# cold cathode moon lighting,



## leveldrummer (May 27, 2005)

ive seen it on a few different forums, has anyone tried it yet? creates a much better looking blue glow for moonlighting.


----------



## Osiris (Jan 18, 2005)

I have used a similiar method, street glow's neo-blue neon lights that were designed for cars as cathodes are also used in cars but mainly for computers.

Not hard at all, takes me like 15mins to turn one into aquarium ready moonlighting.


----------



## leveldrummer (May 27, 2005)

got any pics? what kind of ac adapter do you get?


----------



## Blueprint (Jan 8, 2006)

I am planning to add the "moonlight" to my tank also. Let me do a bit more homework and I'll get back to you in a bout 2-4 days. It should be pretty simple


----------



## leveldrummer (May 27, 2005)

im just an idiot with electric, so be VERY VERY SPECIFIC PLEASE!!


----------



## Osiris (Jan 18, 2005)

I am making some more in week or so i'll take pics of my steps.

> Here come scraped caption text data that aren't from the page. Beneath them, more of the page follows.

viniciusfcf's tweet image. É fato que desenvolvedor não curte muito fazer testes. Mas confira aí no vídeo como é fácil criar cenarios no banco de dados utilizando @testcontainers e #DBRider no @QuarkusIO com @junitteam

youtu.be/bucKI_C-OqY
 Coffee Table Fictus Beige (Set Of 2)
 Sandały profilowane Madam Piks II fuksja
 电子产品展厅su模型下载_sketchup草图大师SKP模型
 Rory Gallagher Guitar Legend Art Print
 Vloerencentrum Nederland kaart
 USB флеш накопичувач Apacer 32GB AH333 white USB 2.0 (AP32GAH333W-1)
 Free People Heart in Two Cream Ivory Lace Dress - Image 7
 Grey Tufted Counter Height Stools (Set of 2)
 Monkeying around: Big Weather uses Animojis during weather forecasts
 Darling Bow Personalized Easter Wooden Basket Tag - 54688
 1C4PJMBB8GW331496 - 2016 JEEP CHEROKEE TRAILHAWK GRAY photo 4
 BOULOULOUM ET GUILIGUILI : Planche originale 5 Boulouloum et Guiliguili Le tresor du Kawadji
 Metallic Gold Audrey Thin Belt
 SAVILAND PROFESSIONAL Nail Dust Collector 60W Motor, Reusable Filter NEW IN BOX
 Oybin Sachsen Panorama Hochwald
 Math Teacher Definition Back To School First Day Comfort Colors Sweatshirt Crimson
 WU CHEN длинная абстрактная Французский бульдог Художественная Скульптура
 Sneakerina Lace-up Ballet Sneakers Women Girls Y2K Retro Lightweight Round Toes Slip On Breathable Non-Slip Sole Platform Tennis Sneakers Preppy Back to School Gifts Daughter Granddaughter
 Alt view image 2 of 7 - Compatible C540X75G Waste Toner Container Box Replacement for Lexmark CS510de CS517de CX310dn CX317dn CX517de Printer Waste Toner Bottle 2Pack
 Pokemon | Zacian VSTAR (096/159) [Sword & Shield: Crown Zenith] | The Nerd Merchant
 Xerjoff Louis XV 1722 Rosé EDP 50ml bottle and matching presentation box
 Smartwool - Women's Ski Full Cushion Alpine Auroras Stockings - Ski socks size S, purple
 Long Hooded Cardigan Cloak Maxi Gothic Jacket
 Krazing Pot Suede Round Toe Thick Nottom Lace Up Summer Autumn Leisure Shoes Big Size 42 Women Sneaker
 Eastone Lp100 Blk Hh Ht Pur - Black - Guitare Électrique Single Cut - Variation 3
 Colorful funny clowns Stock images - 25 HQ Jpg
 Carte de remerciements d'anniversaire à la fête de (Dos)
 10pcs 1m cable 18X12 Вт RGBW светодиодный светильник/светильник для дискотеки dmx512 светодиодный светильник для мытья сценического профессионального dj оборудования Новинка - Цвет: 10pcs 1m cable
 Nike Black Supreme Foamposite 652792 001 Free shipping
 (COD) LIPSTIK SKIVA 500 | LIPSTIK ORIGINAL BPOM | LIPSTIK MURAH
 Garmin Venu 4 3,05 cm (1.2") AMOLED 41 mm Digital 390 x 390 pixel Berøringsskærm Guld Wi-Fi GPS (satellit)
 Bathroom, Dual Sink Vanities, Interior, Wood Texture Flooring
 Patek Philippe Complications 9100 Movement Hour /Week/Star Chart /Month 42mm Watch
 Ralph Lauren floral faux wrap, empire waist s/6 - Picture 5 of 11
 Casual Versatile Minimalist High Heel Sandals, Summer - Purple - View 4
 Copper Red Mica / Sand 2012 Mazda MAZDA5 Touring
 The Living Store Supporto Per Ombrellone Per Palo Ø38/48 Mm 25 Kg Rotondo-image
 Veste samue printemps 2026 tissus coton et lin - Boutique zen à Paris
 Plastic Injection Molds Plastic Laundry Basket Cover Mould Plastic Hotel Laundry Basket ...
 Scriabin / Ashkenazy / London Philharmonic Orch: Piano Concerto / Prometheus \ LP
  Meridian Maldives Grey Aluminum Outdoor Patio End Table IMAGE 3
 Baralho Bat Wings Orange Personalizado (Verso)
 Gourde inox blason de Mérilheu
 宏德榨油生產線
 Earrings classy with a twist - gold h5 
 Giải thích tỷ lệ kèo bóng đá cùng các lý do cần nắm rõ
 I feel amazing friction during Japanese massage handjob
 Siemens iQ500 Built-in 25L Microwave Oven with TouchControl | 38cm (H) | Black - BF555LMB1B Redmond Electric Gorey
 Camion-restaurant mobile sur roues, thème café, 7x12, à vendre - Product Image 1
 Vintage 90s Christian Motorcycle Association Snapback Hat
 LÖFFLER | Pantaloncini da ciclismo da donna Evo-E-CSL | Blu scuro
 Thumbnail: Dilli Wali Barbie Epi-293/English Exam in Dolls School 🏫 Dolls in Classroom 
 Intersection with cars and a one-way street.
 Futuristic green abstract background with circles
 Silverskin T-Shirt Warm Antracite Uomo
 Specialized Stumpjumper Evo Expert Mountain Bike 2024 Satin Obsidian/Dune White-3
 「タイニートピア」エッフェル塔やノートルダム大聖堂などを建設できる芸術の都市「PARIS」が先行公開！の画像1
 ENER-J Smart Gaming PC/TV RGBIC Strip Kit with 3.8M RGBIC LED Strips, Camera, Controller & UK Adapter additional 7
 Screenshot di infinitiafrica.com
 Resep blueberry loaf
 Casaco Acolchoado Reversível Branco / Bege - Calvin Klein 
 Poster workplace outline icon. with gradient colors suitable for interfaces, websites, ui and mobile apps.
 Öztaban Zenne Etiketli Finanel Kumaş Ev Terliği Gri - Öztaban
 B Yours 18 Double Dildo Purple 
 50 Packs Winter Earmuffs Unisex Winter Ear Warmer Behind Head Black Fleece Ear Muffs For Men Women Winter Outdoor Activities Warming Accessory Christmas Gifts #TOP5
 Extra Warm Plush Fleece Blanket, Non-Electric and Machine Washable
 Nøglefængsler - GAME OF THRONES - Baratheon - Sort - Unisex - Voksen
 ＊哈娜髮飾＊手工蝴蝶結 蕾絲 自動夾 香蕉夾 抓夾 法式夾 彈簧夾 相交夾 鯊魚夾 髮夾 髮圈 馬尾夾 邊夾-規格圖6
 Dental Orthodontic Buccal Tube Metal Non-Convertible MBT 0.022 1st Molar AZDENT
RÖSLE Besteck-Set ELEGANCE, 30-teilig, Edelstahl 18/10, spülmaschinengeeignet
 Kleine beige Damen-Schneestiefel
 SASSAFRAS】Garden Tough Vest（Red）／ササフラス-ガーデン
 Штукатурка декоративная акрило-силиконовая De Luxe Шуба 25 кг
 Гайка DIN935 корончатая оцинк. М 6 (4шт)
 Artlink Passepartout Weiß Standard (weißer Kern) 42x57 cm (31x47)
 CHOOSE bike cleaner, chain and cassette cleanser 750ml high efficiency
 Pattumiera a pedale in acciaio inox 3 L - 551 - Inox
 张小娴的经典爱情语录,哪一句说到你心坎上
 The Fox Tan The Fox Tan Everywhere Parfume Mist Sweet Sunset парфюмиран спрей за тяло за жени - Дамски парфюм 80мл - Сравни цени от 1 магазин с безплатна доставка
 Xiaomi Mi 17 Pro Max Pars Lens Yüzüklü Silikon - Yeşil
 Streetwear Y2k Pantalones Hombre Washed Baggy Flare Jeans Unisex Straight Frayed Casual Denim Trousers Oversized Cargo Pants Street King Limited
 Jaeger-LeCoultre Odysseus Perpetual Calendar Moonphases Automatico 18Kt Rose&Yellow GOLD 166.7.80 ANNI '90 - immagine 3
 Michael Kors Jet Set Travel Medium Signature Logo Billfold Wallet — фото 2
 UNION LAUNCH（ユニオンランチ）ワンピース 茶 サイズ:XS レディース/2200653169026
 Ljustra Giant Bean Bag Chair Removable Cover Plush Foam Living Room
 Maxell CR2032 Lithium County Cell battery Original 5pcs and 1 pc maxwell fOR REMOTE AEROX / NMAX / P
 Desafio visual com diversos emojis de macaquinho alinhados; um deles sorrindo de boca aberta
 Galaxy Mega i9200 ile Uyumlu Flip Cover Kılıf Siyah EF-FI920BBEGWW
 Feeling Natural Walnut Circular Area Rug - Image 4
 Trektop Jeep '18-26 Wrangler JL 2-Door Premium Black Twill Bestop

I used old cell phone charger LOL


----------



## micstarz (Oct 22, 2005)

I just use one of those alkaline battery powered mini lights with clamps.


----------



## Guest (Jan 16, 2006)

u can use any power cord as long as it brings the volts down to 12 volts or less.
the lower the voltage. the less bright or the less power ur lights are getting.

piece of cake to do!


----------



## BlueMaxx (Jan 10, 2006)

I saw the moonlights for tanks...is it just for Sw tanks or any kind of tanks?


----------